A wide variety of dairy products are produced in New Zealand including fluid milk, milk powders, butter, cheese, and infant formula. To produce the vast array of products, thousands of dairy farms across millions of hectares of land are home to millions of dairy livestock. The number of dairy cattle was higher than the population of the nation at 6.35 million in 2019. Dairy farming provides thousands of New Zealanders and migrants with direct employment across the country, and the dairy workforce continues to grow each year. Additionally, indirect employment in relation to the dairy sector, from construction activity to logistic operations, further supports the New Zealand economy.
New Zealand has a reputation for delivering high quality dairy products across the world and has created a name for itself as a world leading dairy exporter. The nation is the largest exporter of whole milk powder (WMP), with around 95 percent of the milk produced in New Zealand processed to be exported. Other important export products include butter, cheese, infant formula, and skim milk powder. China, Australia United States, United Arab Emirates, and Japan are the country’s biggest trade partners for dairy products.
Most of the milk produced in New Zealand is further processed by farmer-owned cooperatives. Fonterra is not only the major milk production and processing company in New Zealand, but also one of the biggest dairy companies in the world. The co-operative buys milk from its 10,500 farmer shareholders and processes it mainly for export. In recent years, Fonterra reported its first ever financial loss, and did not pay out dividends in fiscal year 2019. Other major players in the local dairy industry include Open Country Dairy Limited, Synlait Milk Limited, and Westland Co-Operative Dairy Company Limited.

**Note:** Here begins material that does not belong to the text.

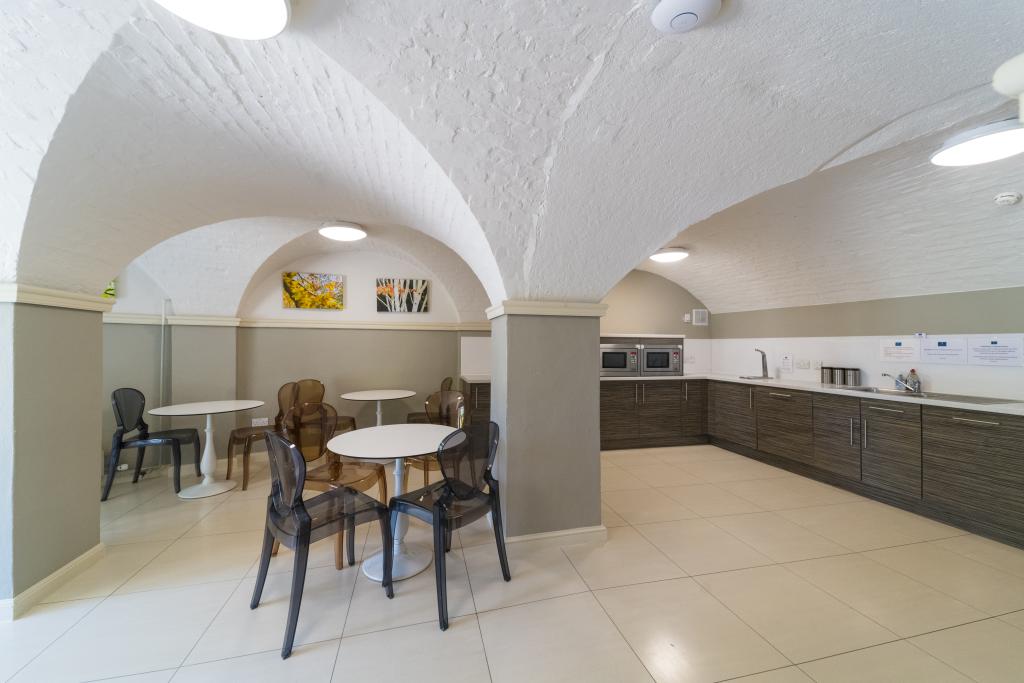 A bright spacious kitchen area with a table and chairs in the foreground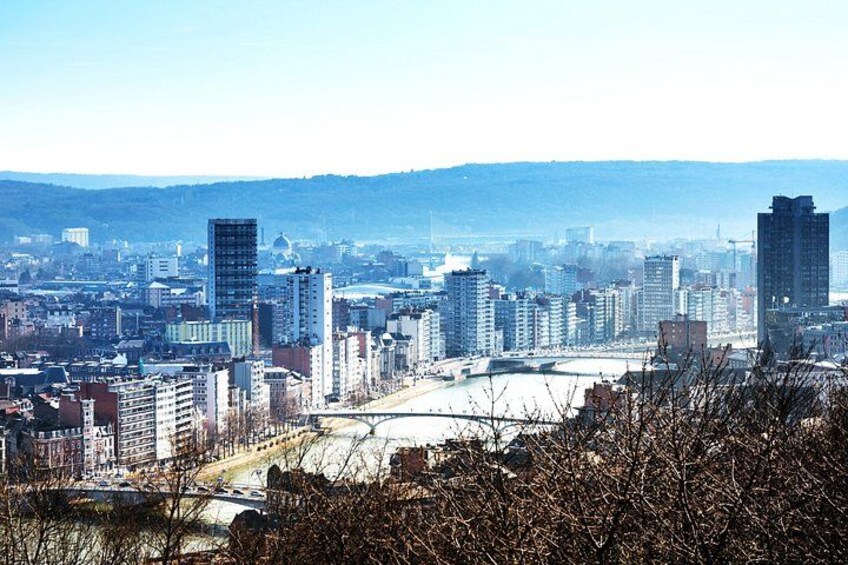 A cityscape with a river, buildings, and a hilly background. 2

While sales of dairy milk have remained relatively stable, the alternative milk market has experienced substantial growth. Non-dairy alternatives include soy, oat, almond, rice, and coconut milks. The boom in sales of these products coincides with more Kiwis opting for a plant-based diet. With this segment growing locally and internationally, New Zealand’s core dairy products my face even more competition in the future.